Barbato did not investigate other fraternities when he started at Penn State. “It wasn’t something I did,” he remembers. “I didn’t really have any experience with or knowledge about fraternities and rushing.” Instead, he learned about Phi Sig through the Blue Band. He arrived on campus a few weeks before classes started to begin practicing with the Blue Band and met fellow bandmates Bill DeGrandis ’77 and Craig Wilson ’78. They invited him back to the Phi Sig house where he says his first impressions were of “good guys having fun.” Within a brief time, he found himself going to rush and meeting other brothers. “This sounds pretty good,” he thought, and decided to join.

Barbato’s pledge class was a large one, and he says that they had a lot of fun. “There were good parties.” But he says that his favorite part about Phi Sig is not as much the memories from that time as what has transpired in the years since then. “For me, the more lasting things are the relationships I still have from those times,” he says.
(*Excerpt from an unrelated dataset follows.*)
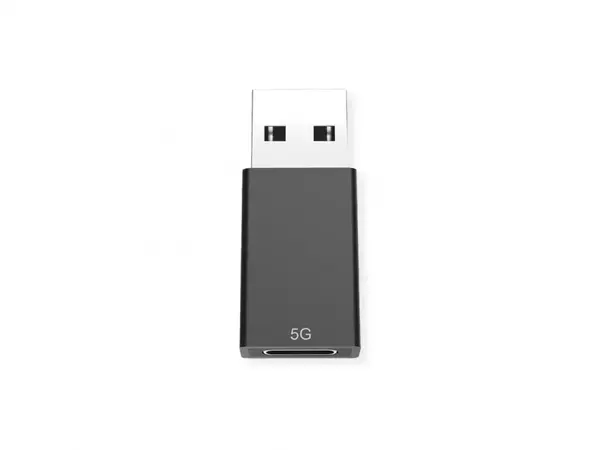 Adaptor USB 3.2 type C la USB-A M-T aluminiu, Roline 12.03.2998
After graduation, Barbato went on to get his MBA, and then his law degree, and has been a practicing attorney for over 30 years, having recently served as Chief Legal Officer with and as President for Amec Foster Wheeler North America Corp in New Jersey. Barbato lives in Madison, New Jersey. He has two sons, both of whom graduated from Penn State.

Over the years, his connection with Phi Sig brothers has deepened, along with his appreciation for the ‘eternal, living organism’ of brotherhood and fraternal organizations. He was part of the alumni board during the ‘80s and was involved again in the mid-2000s and during the capital campaign. And when his Phi Sig roommate Fred DeCock ’80 stepped down after his tenure as alumni president, Barbato followed him into the leadership position. “This relationship idea had always stayed with me,” he says. “The idea of fraternal organizations is very rooted in me, and I knew that it was important for me to get more involved.”

He says that when DeCock asked him to join the board, the fraternity — along with all fraternal organizations at Penn State — was going through a difficult change. As a result of the tragic death of Tim Piazza, the University banned first-year students from rushing in their first semester. For spring rush, students had made housing decisions for the next year already. Consequently, the numbers of sophomores moving into the house went down. “There’s a real economic impact from the University’s ban,” Barbato says. As he met with the University to discuss next steps in the post-Piazza era, he says that his appreciation for the value of fraternities grew stronger. “They are little incubators,” he says. “A fraternity provides a wonderful opportunity for growth that is not available elsewhere in college life.”

Today, in addition to serving as the alumni president, he also is an advisor to the undergraduates, a position he calls a labor of love. “I like developing the relationship between the actives and the alumni,” he says. “I am so thankful for my whole Phi Sig experience and everything that has flowed from it.”